Mainly the stuff you quoted in the original post plus Tom's comments. Just, brain hurty. No offense meant, it just reads like gobbleydegook to me :)

Trinity said...

ethylbenzene: Both did to me.

I mean, I'm a grad student in philosophy so I'm used to jargon, but I don't much like it in my off time. If we're making some serious point about theory, okay, as long as we try at least to explain it in layman's terms, y'know?

EthylBenzene said...

"If we're making some serious point about theory, okay, as long as we try at least to explain it in layman's terms, y'know?"

No kidding. But that's true of any academic profession. I bet I really could talk to you about stable isotope systems in a straightforward way that would be interesting and engaging, if I really wanted to. I actually think it's kind of lazy to rely on jargon when you're not writing for your speciality audience. Using that much jargon just reads like "nyea nyea I use big words!"

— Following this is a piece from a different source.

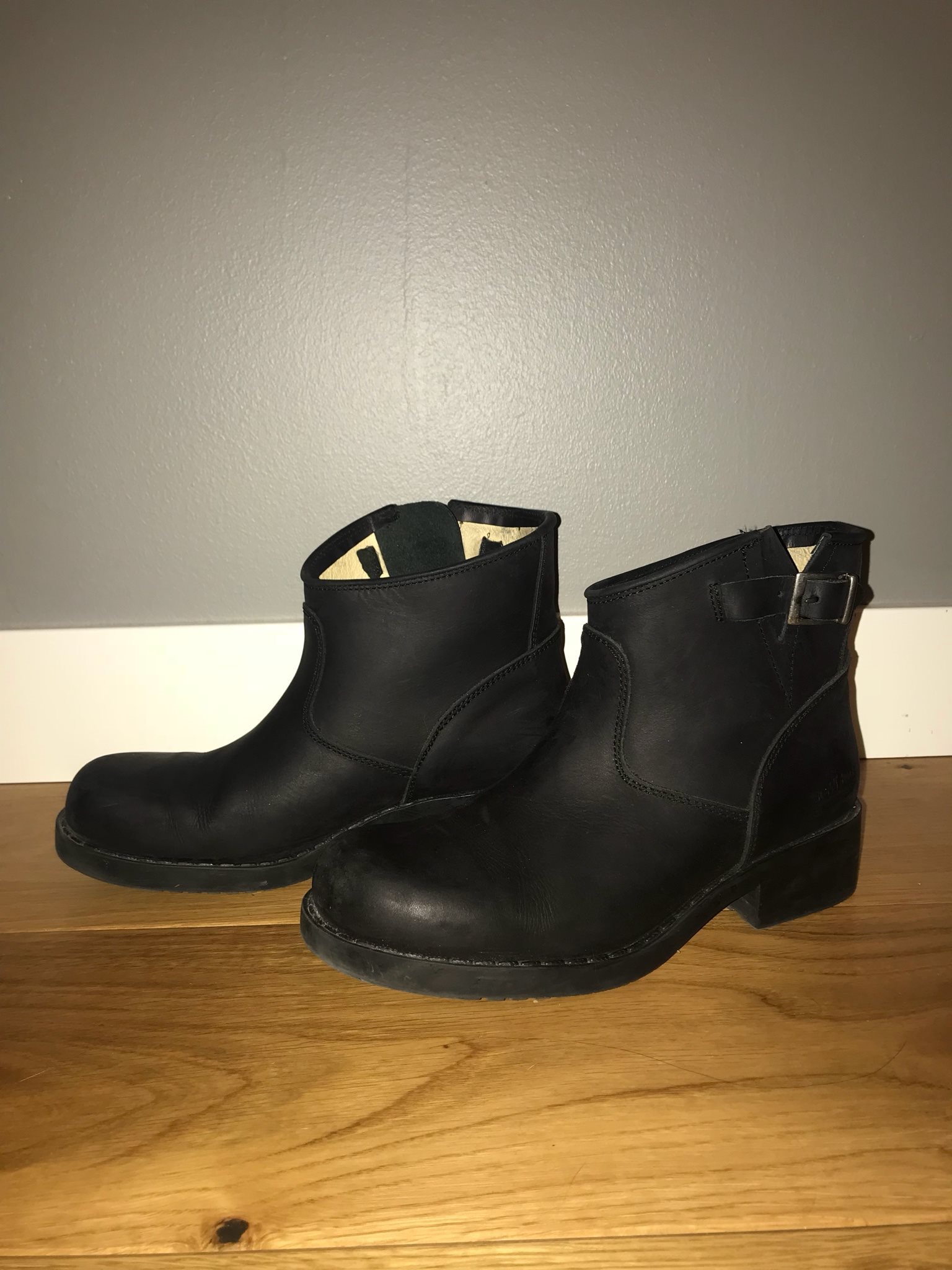 svarta låga boots svarta låga boots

What was it you said earlier? "... the first-year undergrad "impress with my words, rather than explain my concepts" thing.." So true. There's a couple of posters here (some seem to have dissapeared thankfully -- you know who I mean!) who really read like sophomore philosophy majors impressed with their new vocabulary.

And this kind of thing is definitely not relegated to the "soft" sciences! Like I said, didn't want to step on any toes, all I really meant was that we're not all familiar with the jargon, so let's try to speak English!

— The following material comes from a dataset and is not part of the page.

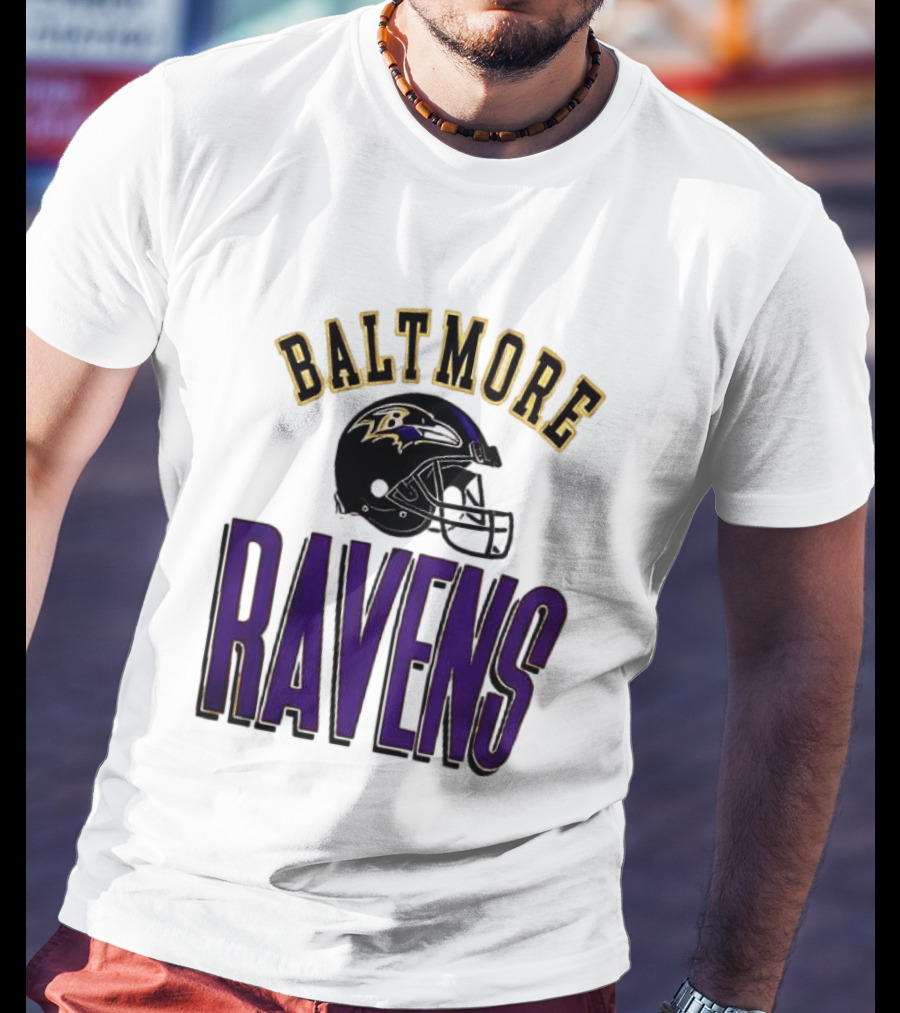Baltimore Ravens Everyone Es Women's Sports Ravens Helmet T-Shirt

Ok, done ranting off topic now :)

Trinity said...

"I bet I really could talk to you about stable isotope systems in a straightforward way that would be interesting and engaging, if I really wanted to. I actually think it's kind of lazy to rely on jargon when you're not writing for your speciality audience."

Yes. I'm actually really trying to write my dissertation in a way that engages with literature but also so that anyone I know can pick it up, read it, and get what I'm saying. That's difficult, but it's also really a worthy goal.

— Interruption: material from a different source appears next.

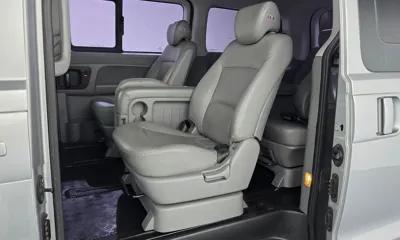 Hyundai Starex 2015, 135839 км, за 5724.7 USD - фото 12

Way too many people get so invested in their particular little niche that they can no longer talk in a way that people who don't know what they're saying can even understand.

In the case of the writer of the original article, I think it's a way of flashing feminist creds and intimidating people who disagree.

LaurynX. said...

This is why I do have a problem with people calling the issues many BDSM people face "oppression", as if it's on the level of institutionalized racism or sexism or ableism, etc. but do not have a problem with people pointing out "yes, there are sexuality hierarchies in Western culture, and yes, deviants are at the bottom and do pay a price."

I fully agree. As a black woman, I have various social identities beyond being a person into bdsm that are in need of attention and are subject to opression. I'm sorry, but I do not feel opressed as a person into bdsm. As a black woman, yes. A woman into bdsm? No.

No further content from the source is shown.